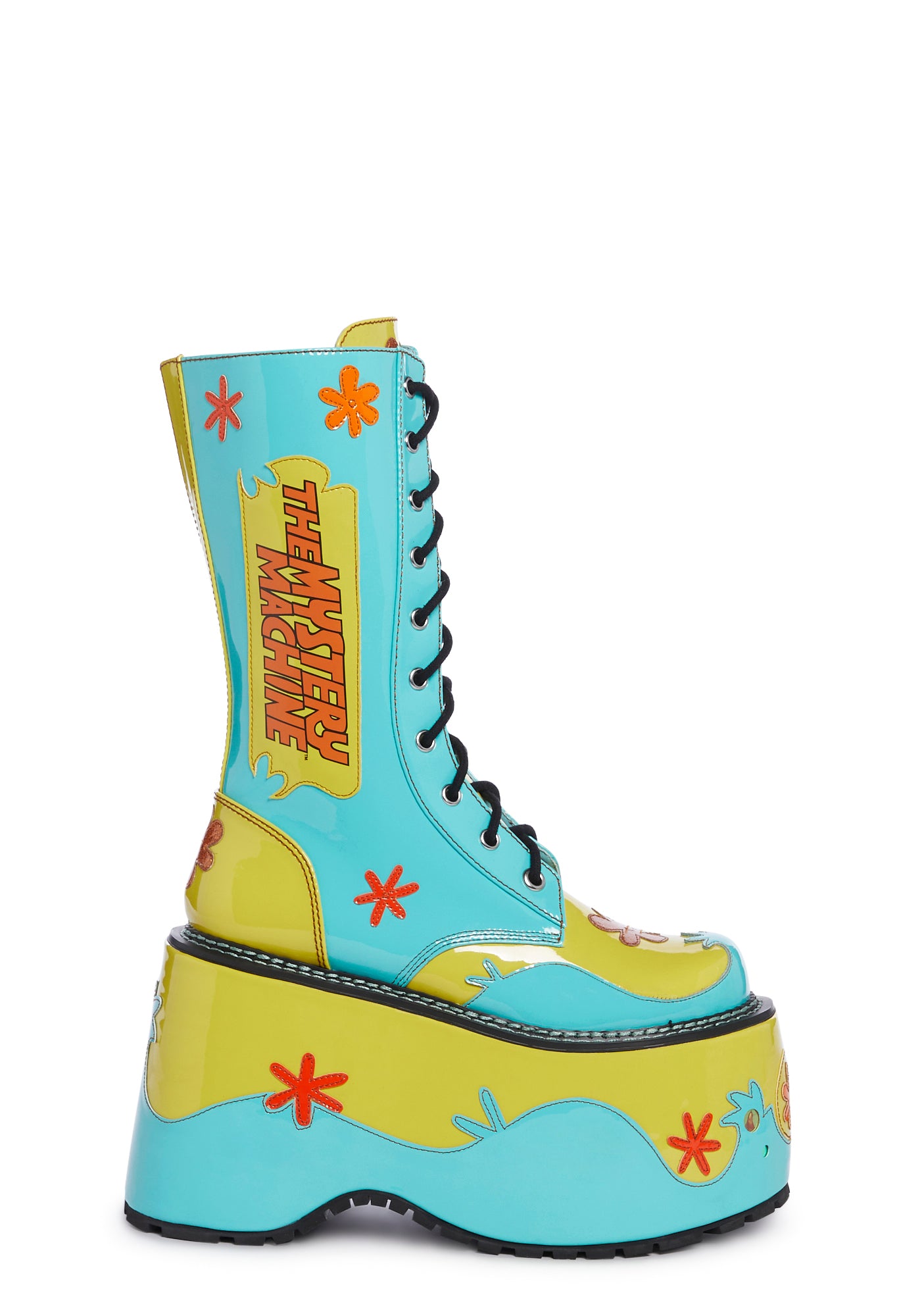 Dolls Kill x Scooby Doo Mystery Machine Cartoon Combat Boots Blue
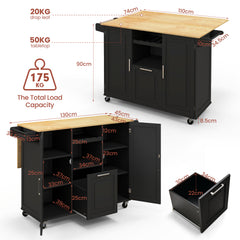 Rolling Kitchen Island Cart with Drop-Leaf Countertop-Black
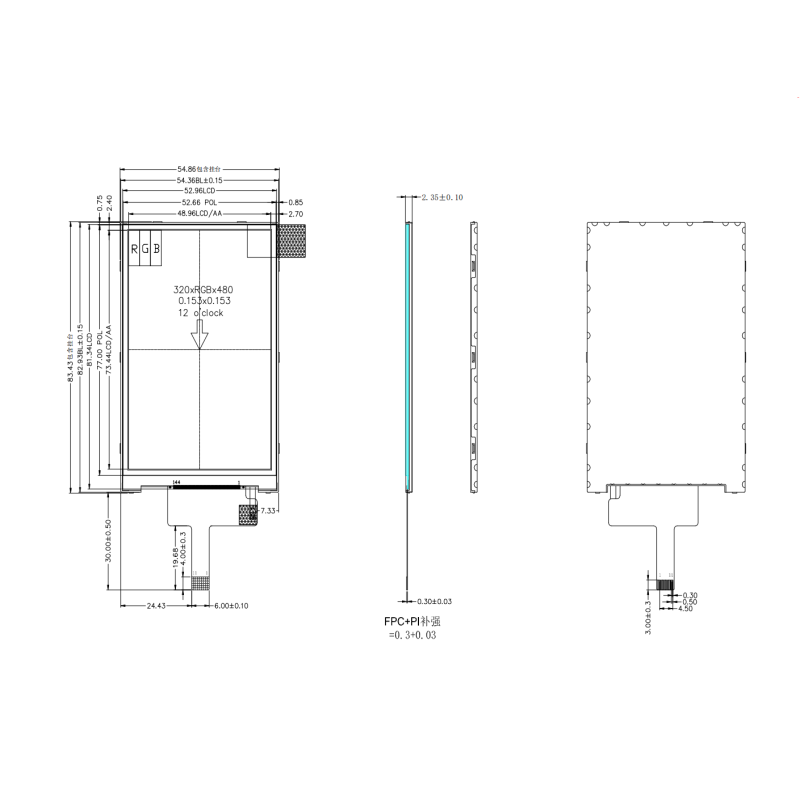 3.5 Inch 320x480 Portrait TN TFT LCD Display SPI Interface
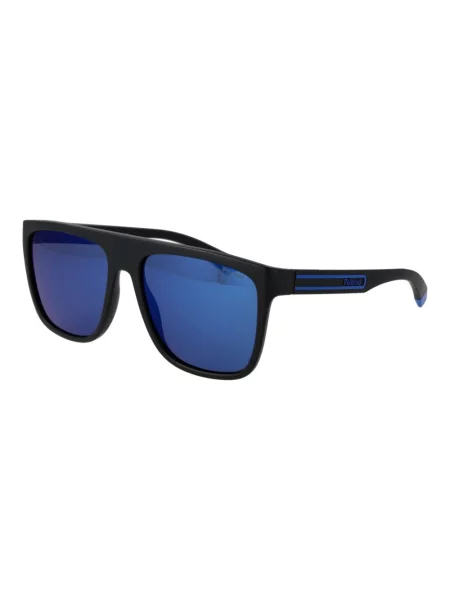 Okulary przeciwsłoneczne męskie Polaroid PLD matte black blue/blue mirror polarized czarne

==

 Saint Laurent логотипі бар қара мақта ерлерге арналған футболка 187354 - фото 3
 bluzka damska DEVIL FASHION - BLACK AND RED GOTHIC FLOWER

● **ACTIVITY**: Return only the lines between the one holding "Saint Laurent логотипі" and the one holding "bluzka damska DEVIL", inclusive, exactly as they appear above.

● **TASK ANSWER**:
 Saint Laurent логотипі бар қара мақта ерлерге арналған футболка 187354 - фото 3
 bluzka damska DEVIL FASHION - BLACK AND RED GOTHIC FLOWER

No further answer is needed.